• [WHAT YOU WILL DO]:
Would you repeat the listing exactly, without any of its images?

• [RECORDS FOR THE TASK]:
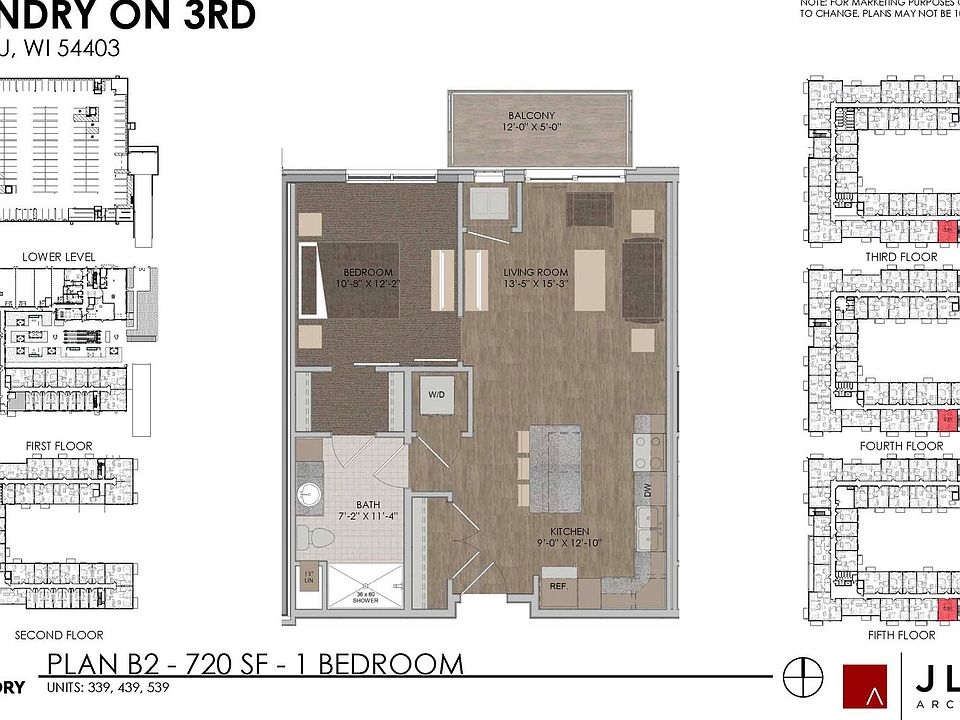 2nd image of 215 N 3rd St #439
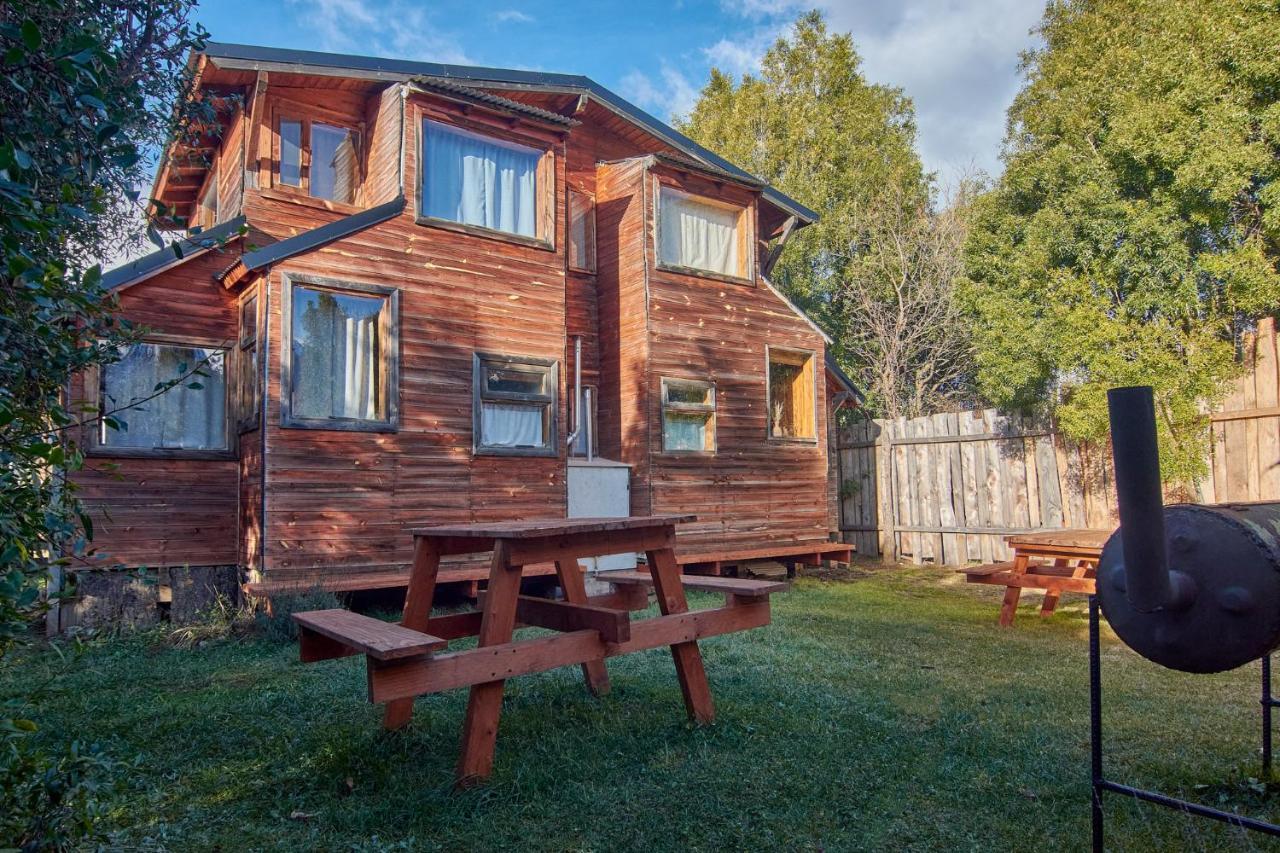 Cabanas Hechas A Mano Con Vista Al Cerro Catedral San Carlos de Bariloche Exterior photo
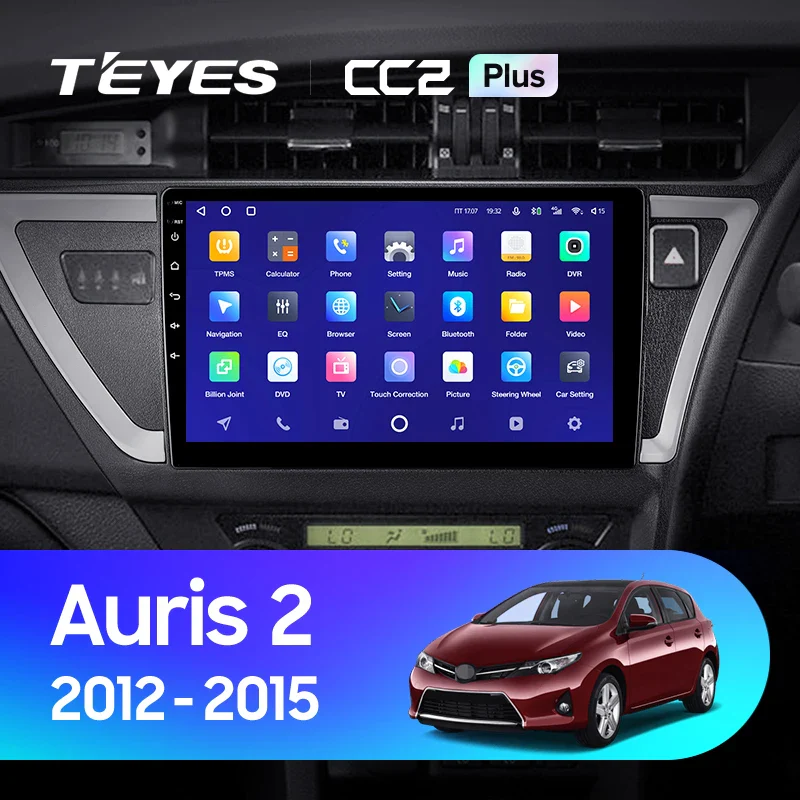 Toyota Auris 2 E180 / Ascent (2012-2015) RHD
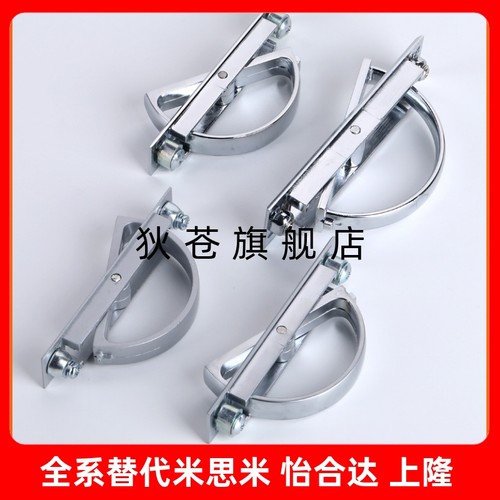 XAC22/23/24/21-L100/L115方形拉手L125 L75 旋转拉手 - 图0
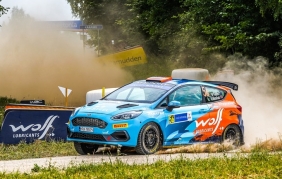 Wolf Lubricants rafforza la sua partnership con il FIA ​​Junior WRC Championship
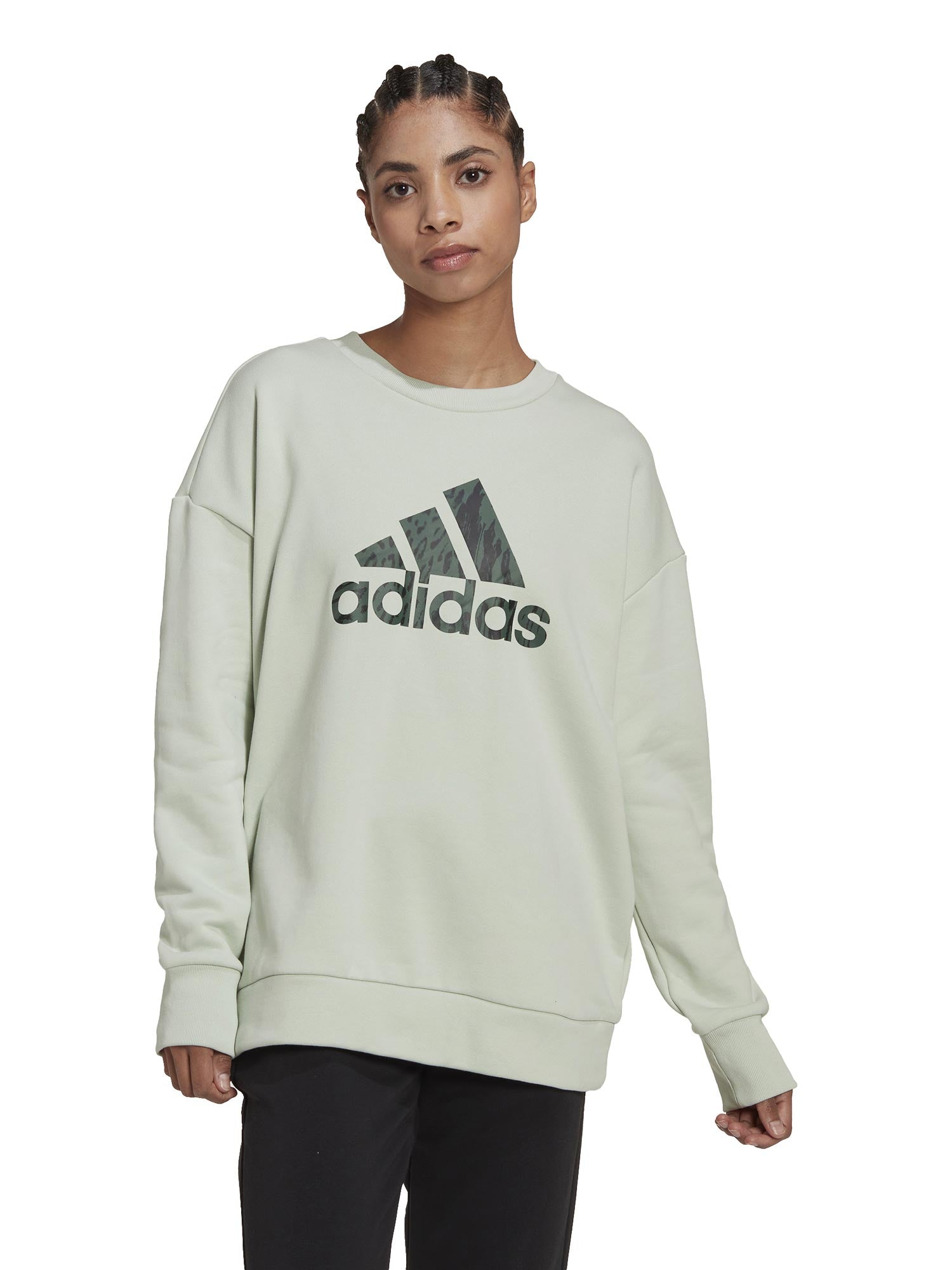 ADIDAS SPORTSWEAR Блуза Future Icons Animal Print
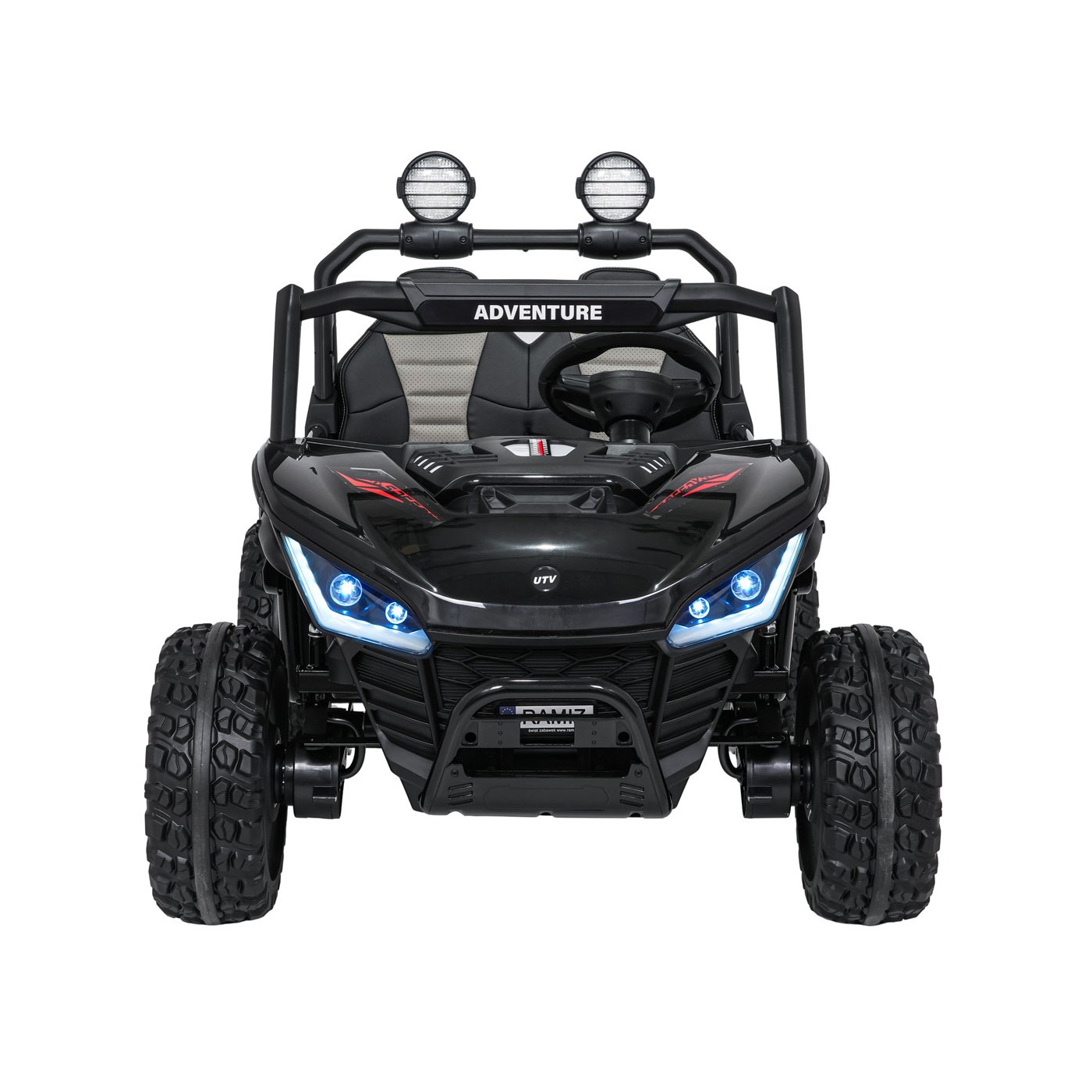 Buggy SPEEDY 4x4 černá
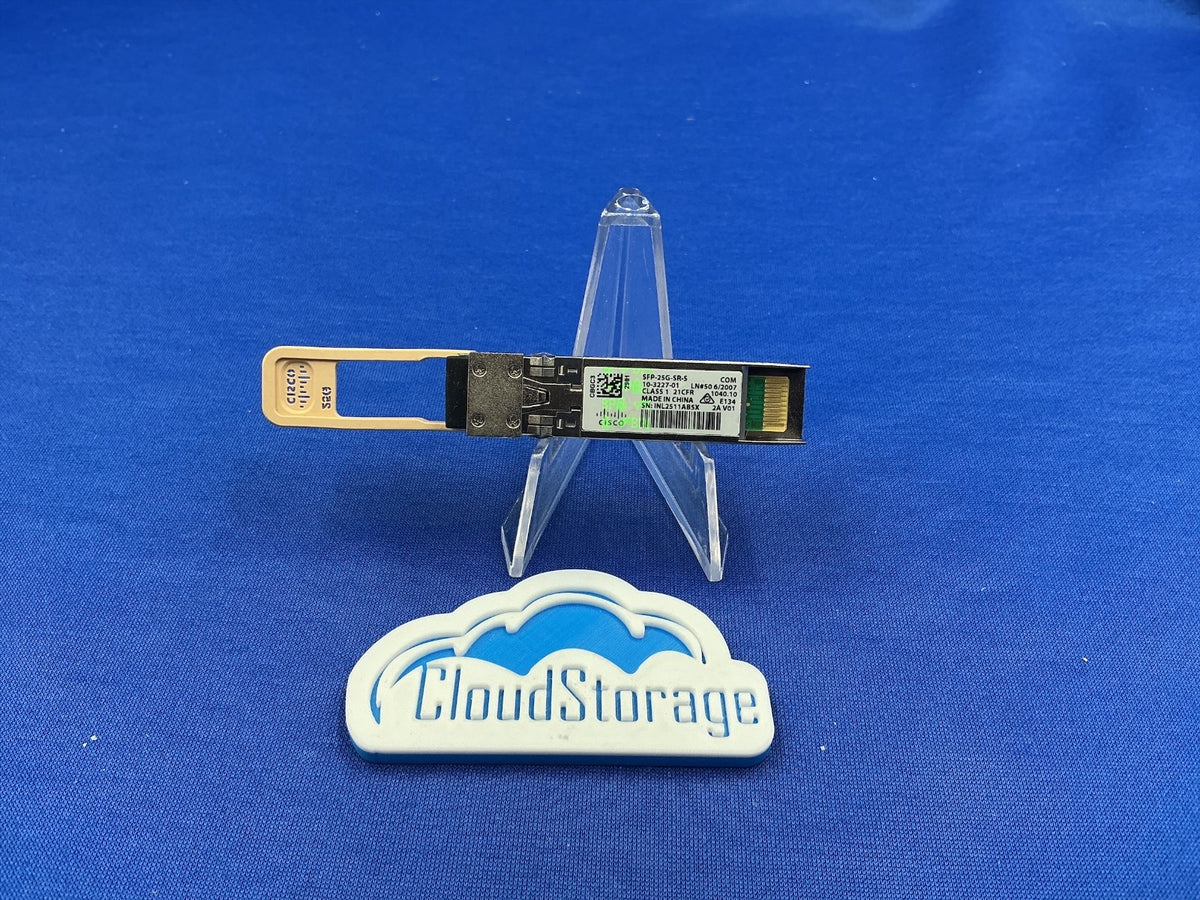 Cisco SFP-25G-SR-S 25GBASE-SR SFP28 850nm 100m MMF LC 10-3227-03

• [TASK ANSWER]:
 2nd image of 215 N 3rd St #439
 Cabanas Hechas A Mano Con Vista Al Cerro Catedral San Carlos de Bariloche Exterior photo
 Toyota Auris 2 E180 / Ascent (2012-2015) RHD
 XAC22/23/24/21-L100/L115方形拉手L125 L75 旋转拉手 - 图0
 Wolf Lubricants rafforza la sua partnership con il FIA ​​Junior WRC Championship
 ADIDAS SPORTSWEAR Блуза Future Icons Animal Print
 Buggy SPEEDY 4x4 černá
 Cisco SFP-25G-SR-S 25GBASE-SR SFP28 850nm 100m MMF LC 10-3227-03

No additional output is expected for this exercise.